The ‘Say NO to the 20% Pie Tax’ campaign picked up pace and accumulated over 800 signatures on the e-petition since its launch a week before.
The Sun’s ‘Save Our Savouries’ petition reached the 100,000 signatures milestone.
The joint e-petition between British Baker and the NAMB reached 1,000 signatures, whilst thousands of supporters signed paper petitions in craft bakeries around the UK.

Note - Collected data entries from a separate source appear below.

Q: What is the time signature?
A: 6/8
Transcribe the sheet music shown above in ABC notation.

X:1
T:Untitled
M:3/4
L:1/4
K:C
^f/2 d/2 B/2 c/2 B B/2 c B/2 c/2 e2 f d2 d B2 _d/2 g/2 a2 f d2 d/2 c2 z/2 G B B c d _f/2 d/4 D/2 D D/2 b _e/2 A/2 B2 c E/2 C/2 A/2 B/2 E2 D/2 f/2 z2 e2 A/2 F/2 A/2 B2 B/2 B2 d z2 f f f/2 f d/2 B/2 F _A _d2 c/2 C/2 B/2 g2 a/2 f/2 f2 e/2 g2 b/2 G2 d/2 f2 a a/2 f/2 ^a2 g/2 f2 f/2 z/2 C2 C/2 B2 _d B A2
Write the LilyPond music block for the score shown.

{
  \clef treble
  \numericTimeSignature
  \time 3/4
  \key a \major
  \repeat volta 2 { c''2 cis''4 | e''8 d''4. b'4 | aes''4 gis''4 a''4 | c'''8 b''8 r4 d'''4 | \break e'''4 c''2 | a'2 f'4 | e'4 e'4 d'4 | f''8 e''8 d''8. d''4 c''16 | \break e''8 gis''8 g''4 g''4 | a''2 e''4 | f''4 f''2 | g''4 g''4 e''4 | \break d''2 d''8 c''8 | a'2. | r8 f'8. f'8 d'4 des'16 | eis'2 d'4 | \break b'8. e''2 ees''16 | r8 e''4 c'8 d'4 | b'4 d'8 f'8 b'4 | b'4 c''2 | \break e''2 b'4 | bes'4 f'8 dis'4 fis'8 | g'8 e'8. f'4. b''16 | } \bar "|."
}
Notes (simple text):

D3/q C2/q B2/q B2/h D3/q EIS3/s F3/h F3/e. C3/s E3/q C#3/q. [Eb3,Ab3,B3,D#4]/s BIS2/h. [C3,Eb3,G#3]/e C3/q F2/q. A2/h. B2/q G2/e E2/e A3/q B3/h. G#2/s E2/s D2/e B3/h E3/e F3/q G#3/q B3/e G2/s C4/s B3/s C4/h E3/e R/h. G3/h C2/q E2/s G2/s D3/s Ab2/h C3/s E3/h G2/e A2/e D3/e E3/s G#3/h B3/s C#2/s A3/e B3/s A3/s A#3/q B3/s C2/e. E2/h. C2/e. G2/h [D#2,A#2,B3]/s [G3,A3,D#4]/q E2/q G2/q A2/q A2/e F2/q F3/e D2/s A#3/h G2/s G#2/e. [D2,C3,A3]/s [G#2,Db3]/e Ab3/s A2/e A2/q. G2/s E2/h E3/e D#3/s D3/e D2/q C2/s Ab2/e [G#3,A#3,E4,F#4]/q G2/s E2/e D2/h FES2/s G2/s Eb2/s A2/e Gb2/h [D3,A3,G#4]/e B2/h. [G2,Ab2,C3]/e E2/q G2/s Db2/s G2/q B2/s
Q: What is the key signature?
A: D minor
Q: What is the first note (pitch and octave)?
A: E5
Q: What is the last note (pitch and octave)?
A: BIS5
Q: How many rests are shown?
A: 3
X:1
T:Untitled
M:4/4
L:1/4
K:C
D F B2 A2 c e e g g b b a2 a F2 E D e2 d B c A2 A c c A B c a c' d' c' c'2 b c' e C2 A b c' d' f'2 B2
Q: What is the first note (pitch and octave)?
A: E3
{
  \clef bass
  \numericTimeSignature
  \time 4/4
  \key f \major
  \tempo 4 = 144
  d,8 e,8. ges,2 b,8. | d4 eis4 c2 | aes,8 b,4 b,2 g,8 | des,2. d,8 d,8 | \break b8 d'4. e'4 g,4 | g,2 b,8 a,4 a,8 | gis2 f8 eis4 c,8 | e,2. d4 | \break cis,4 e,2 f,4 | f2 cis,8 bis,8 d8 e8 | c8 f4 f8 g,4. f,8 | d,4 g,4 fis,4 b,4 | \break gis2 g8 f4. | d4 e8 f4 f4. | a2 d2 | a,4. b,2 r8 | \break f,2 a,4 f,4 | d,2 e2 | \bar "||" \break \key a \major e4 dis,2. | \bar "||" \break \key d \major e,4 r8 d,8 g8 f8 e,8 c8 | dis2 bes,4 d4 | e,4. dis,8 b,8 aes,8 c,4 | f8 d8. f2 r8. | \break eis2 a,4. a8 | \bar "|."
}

Phil Ugalde, founder of the Cornish Pasty Association (CPA) and owner of Bodmin-based Proper Cornish Food Company, spoke out about how the 20% tax on hot takeaway food could affect profitability and jobs in the region. He told British Baker: “The VAT will have a disproportional effect on the economy in Cornwall. The government has put millions of pounds into the Cornish economy making progress to raise its value, and now they are knocking us straight back down."
Liberal Democrat MP Stephen Gilbert (St Austell and Newquay) tabled an amendment to the 20% VAT in parliament, which was narrowly defeated by a slim margin of 35 votes. It was backed by the British Retail Consortium (BRC) in a bid to scrap the government’s planned £50m ‘pasty tax’.
Treasury minister David Gauke said current tax rules on hot food were “complex and unfair” because, while a fish and chip shop would have to charge VAT on a sausage roll, a bakery next door would be tax-exempt for selling the same snack.
More than 500 bakers from across the nation met at a demonstration in Westminster as over half a million signatures on petitions from British Baker, NAMB, CPA, Greggs and The Sun were handed in to 10 Downing Street.
McMeikan addressed the crowd dressed in bakers’ whites, saying: “We come here today with peaceful intentions but resolute determination to fight to the bitter end this proposed tax that will have a devastating impact on ordinary people who simply can not afford to pay 20% more for every day food. This government are showing themselves to be out of touch; out of touch with ordinary hard working people; out of touch with the challenges facing High streets; out of touch with the poorest in this country that need higher aspiration and hope not higher prices.”
Representatives from the industry, including NAMB chairman Mike Holling, Greggs chief executive Ken McMeikan, Mark Muncey, CPA chairman, Conservative MP George Eustice and Stephen Gilbert, were asked to meet with members of the HMRC to discuss the proposed levy of 20% VAT.
David Gauke, exchequer secretary to the Treasury and his team gave the craft bakers’ delegation an undertaking to take on board the points raised regarding concerns over the proposed levy, and indicated a final announcement would be made during the summer.
The consultation period closed on the ‘pasty tax’, which was extended from the initial date of 4 May.
British Baker named and shamed the MPs who voted against the first amendment to the 20% VAT on hot takeaway bakery products in parliament.
A group of MPs questioned the decision to put 20% VAT on hot baked goods in parliament, after the International Monetary Fund (IMF) called on the UK government to actually lower VAT to stimulate the economy. Labour’s John Mann claimed the proposals had been put forward by an “out of touch, anti-English, inept on detail Treasury team and government” and urged them to “do the decent thing for England, get rid of this nonsense”.
After weeks of campaigning, the government performs a dramatic u-turn and Osborne announced the decision to revise plans to charge 20% VAT on hot takeaway bakery products.